Kuzmin strikes again

21.02.2013   
The First Deputy Prosecutor General has stated that the Prosecutor’s Office has sufficient evidence to prove that former President Leonid Kucham was involved in the murder of journalist Georgy Gongadze

 

Renat Kuzmin at an earlier interview. That on Wednesday is available at Echo Moskvy

Renat Kuzmin, First Deputy Prosecutor General, has told the Russian radio station that the Prosecutor’s Office has sufficient evidence to prove that former President Leonid Kucham was involved in the murder of journalist Georgy Gongadze.  He also claimed that they are in a position to charge imprisoned former Prime Minister Yulia Tymoshenko, as well as Pavlo Lazarenko, with financing the killing in 1996 of MP and businessman Eugene Shcherban in 1996  (information about the evidence thus far here)  Kuzmin made other controversial statements as well (the interview in Russian can be heard here.  )

The disregard shown the principle of presumption of innocence has become so standard that it is not worth mentioning. In this, it must be said, Kuzmin, and the Prosecutor General himself, Viktor Pshonka, do not especially differ from their predecessors.

Kuzmin’s assertions regarding Kuchma may or may not be linked with the coming EU-Ukraine Summit.   The original announcement that criminal proceedings were to be initiated against Kuchma in April 2011 came at a time when concern was finally being expressed beyond Ukraine over former Interior Minister Yury Lutsenko’s continued detention,   criminal cases against Yulia Tymoshenko and other prosecutions.  Much was then made of the fact that it was under Yanukovych that progress had been made into the case.  It had become evident early on during Yushchenko’s presidency that any assurances that the case would be investigated properly were mere words. . 

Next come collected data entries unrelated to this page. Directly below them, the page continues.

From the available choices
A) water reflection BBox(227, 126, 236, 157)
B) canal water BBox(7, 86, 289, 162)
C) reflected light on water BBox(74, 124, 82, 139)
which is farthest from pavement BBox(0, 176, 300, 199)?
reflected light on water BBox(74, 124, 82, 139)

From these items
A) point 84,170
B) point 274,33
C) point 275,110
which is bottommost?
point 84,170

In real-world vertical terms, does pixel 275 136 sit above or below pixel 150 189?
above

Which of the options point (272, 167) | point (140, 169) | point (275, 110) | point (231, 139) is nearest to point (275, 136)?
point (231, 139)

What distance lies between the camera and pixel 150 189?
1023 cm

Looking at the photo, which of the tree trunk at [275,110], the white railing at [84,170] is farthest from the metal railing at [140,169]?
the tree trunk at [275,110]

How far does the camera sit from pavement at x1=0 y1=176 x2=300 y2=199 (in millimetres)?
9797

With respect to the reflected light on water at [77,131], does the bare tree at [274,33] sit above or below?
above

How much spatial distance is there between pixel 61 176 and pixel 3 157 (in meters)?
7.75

Cautious optimism in that respect fizzled in October 2011 when the Constitutional Court issued a judgement which stated that prosecutions could not be based on information received through investigative operations carried out by people unauthorized to do so.  Presidential guard Mykola Melnychenko acted on his own initiative when he illicitly taped conversations between Kuchma and others.  Following this, all court instances found that there were no grounds for the criminal case which Kuzmin had initiated.   Unlike members of Tymoshenko’s government, there had been effectively no restraints placed on Kuchma’s movements.

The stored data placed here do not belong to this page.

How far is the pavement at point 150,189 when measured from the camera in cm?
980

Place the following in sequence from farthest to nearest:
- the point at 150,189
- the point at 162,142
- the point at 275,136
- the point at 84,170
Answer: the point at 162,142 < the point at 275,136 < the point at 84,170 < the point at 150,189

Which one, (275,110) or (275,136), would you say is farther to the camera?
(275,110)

Kuzmin has now claimed, though  without giving any detail, that the Prosecutor’s Office has more evidence of Kuchma’s complicity in the murder of Georgy Gongadze in September 2000.

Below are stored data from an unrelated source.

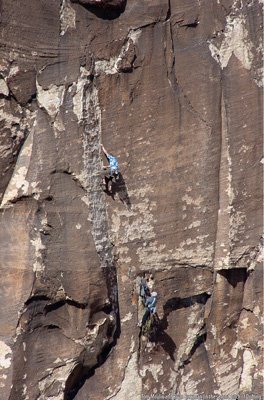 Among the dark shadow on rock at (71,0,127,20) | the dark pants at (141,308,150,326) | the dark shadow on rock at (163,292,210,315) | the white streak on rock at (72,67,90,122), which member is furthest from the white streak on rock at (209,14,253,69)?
the dark pants at (141,308,150,326)

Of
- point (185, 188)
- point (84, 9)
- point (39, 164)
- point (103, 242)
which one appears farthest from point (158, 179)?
point (84, 9)

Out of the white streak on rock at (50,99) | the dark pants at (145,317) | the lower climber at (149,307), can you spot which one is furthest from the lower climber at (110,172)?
the dark pants at (145,317)

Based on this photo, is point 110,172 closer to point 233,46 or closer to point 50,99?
point 50,99

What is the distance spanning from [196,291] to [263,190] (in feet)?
3.03

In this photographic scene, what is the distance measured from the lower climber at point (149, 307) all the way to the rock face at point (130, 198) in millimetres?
60

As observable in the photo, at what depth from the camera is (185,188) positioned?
479 cm

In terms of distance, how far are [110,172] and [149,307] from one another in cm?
104

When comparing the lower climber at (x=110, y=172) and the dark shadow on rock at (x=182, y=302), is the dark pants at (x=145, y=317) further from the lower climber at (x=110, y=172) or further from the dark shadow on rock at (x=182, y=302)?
the lower climber at (x=110, y=172)

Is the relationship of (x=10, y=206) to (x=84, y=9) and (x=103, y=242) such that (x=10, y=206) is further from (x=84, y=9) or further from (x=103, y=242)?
(x=84, y=9)

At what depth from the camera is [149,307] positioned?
4.74 meters

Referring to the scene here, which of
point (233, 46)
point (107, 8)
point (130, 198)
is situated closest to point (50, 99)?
point (107, 8)

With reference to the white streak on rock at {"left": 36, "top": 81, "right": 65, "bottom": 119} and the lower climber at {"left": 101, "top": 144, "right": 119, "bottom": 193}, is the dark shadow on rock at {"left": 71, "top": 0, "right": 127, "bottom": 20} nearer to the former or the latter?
the white streak on rock at {"left": 36, "top": 81, "right": 65, "bottom": 119}

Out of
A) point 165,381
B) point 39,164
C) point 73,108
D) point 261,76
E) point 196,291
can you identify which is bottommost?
point 165,381

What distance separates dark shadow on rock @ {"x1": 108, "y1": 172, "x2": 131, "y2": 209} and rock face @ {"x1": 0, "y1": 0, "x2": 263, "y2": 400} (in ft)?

At the same time as Ukrainian courts were finding no grounds for prosecuting Kuchma, criminal proceedings against Melnychenko were being reinstated – see http://khpg.org/1357674509 for the latest on this.

Kuzmin’s claims on Ekho Moskvy came less than a month after former police chief Oleksy Pukach received a life sentence for his role in the killing.  As reported here, the lawyer representing Gongadze’s widow has lodged an appeal against the verdict on the grounds that the court examination did not fully investigate who ordered the killing.

The entire trial was, despite dubious justification and international criticism, held behind closed doors, with lawyers unable to divulge any details. On the day of the verdict, however, Pukach was able to state that he believed Kuchma and Volodymyr Lytvyn, then Head of the President’s Administration, now MP, should have been on trial with him. Most importantly, he said, with this finally being heard by the many journalists present, that he had repeatedly spoken of kuchma and Lytvyn’s role  but that the court had not wanted to listen.